I just noticed this post. I'm a born and raised Calgarian who's now living in UAE temporarily (miss Calgary). Anyways, I'm biased and will say Calgary is better. You may also want to compare health care offered by the province and the private health benefits as I believe Alberta is better. Its also the only province that doesn't pay pst only gst. As for Catholic Churches there are lots. Also we have the Catholic school board (I was a teacher for the board) its the same as the public school board but only for catholics as we practice the religion in school and take the kids to church. you just need to present yours and/or your child's baptism certificate upon registration.


----------



## miraculousmedal (Nov 26, 2008)

mcd1203 said:


> I just noticed this post. I'm a born and raised Calgarian who's now living in UAE temporarily (miss Calgary). Anyways, I'm biased and will say Calgary is better. You may also want to compare health care offered by the province and the private health benefits as I believe Alberta is better. Its also the only province that doesn't pay pst only gst. As for Catholic Churches there are lots. Also we have the Catholic school board (I was a teacher for the board) its the same as the public school board but only for catholics as we practice the religion in school and take the kids to church. you just need to present yours and/or your child's baptism certificate upon registration.
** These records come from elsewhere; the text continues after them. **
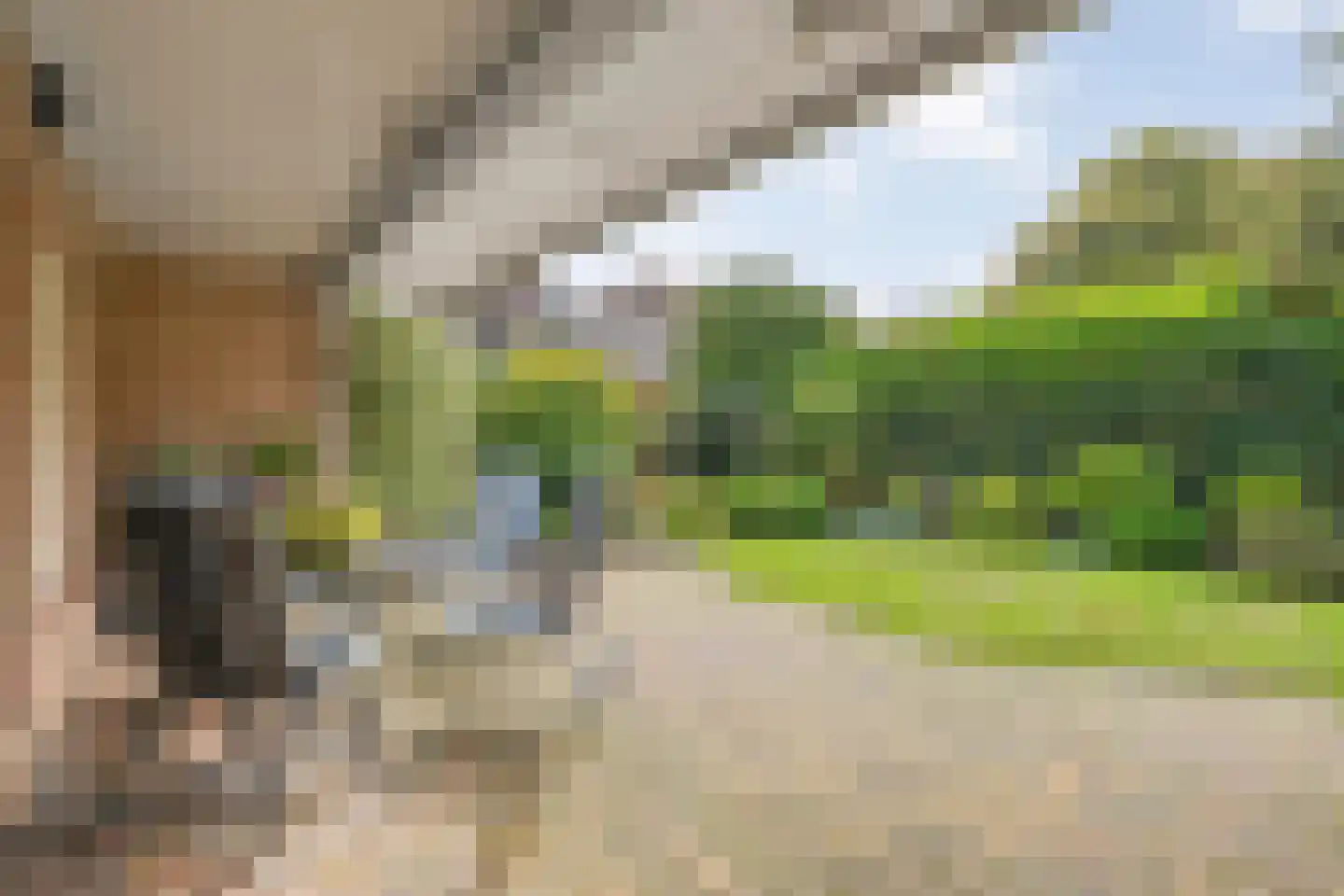 Bergsteinlaan 104 Tuk thumbnail 36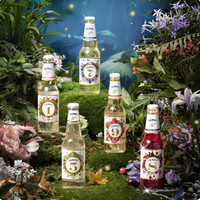 TEMPT 誘惑 西打果酒 330ml*5瓶裝 贈冰箱貼+手機支架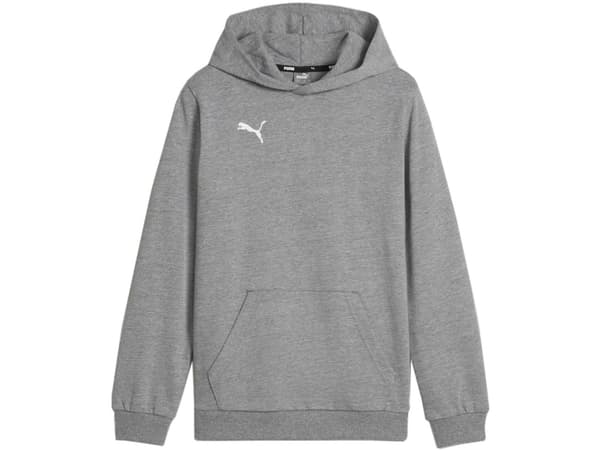 Puma lasten collegepaita Puma Team Goal Casuals Hoddy harmaa 658619 33 140cm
Thank you very much for taking the time to respond to my query. It really helps me a lot with my decision.


----------



## richardhenderson (Oct 9, 2009)

Winnipeg is fine
The cost of housing is reasonable, transportation to work and back is good. It takes my wife 8 minutes to drive downtown to work. U.S. cities are 2 hours by car. The airport is open 24 hrs. Steinbach is only a 25 minite drive from Winnipeg and the people in Steinbach are very friendly, true no booze in town.
There are more than 100 things you can do each summer in Manitoba that do not cost anything for example the zoo, electrical museum, Salsa dancing lessons at the forks, free outdoor concerts etc...
Rick Henderson


----------